Param (student): Mika-talk is the world we occupy, sir. We youngsters cannot choose or discard our ministers or the law, for we are young and certainly not ‘relevant’ for the country’s agenda as we are not adding to GDP. But we can choose or discard the actors and singers who inhabit our iPods and Facebook.

Vyas (student): How does it matter if Mika is right or not? Where is the truth in the news, sir? You tell us, how come newspapers are selective about what stories they give attention to and what not? How come some past sins are dug out but others not? Some of us here read Badri Raina on ZNet… they give us thoughts to think. Whereas newspapers only give us events.

Back in his office after the class, Dhawal said to the teachers conferring with Bhrigu Pant, “What paradox! Class 12 students do not seem to be attracted to mainstream news! They read the business papers and The Economist, but that is all business and commerce. What about the world they live in? Today, Sridhar Vyas has hit the nail on the head. He says newspapers are just event reporters. And I now understand what he means; the newspapers are not challenging them! News channels, too, have become like theatre performances with high-pitch voices, dramatic arguments and a generous garnish of Bollywood debates. Tiger Woods or Rakhi Sawant become far more worthy of conversation than starvation deaths in Orissa or BT brinjal or the judge in Karnataka! Their interaction with news is fleeting and flippant.

Mallika Sinha (music teacher): That is because the newspapers do not tell the story. They only report cold facts and walk away, much like ‘Kya aap ke toothpaste mein salt hai?’ Today, can the papers say they are tracking the West Asia wars? Or the emancipation of Iraq as a story like: ‘This is how it began…’? No!

Dhawal: Why invest in the intelligence of human beings, Mr Pant, when all you need is their ‘eyeballs’, isn’t it? Ethics of the market place is removed from the larger responsibility of ‘rightness’ and ‘goodness’. Markets thrive on the grey, undefined, and badly defined. In fact, they thrive on poor definitions, confusion and stirring the unresolved areas of human consciousness.

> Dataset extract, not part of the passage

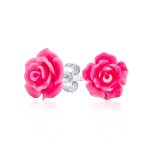 Romantic 3D Carved Flower Pink Peach Rose Stud Earrings Lightweight 10MM - Image 11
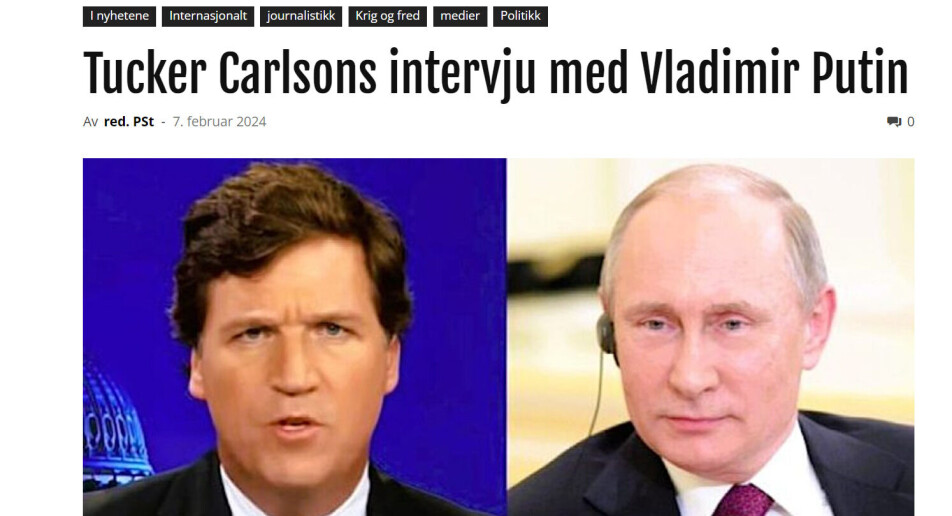 Steigan publiserte påstått transkribering av Putin-intervjuet – nå er den slettet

Here comes the media’s role. Is it their role to cater or to involve and engage? And how much are they willing to think about their mission and how much of themselves as a business, a corporation? I think those days are gone when newspaper barons passionately believed in engaging. Today, this has translated into a corporate empire which is supported by advertisements and sponsorships. And, therefore, media increasingly has taken on the colour of the marketplace. Much the same way that schools and colleges take their colour from the corporations and lose their purpose in their catering.

Mallika: The editorials and comments require one to search and only the clearly oriented reader has a chance of getting something halfway significant out of the paper…

Biren Chogyal (sports teacher): Absolutely. Presenting facts versus shaping an opinion! Dulling the sensibilities of the readers and in fact like the Mobius strip the reader finds himself supporting something that is terrible. Such an insult to individual intelligence. The tragedy at a deeper level is that our education drives out what residual sensibility we carry from the older generations!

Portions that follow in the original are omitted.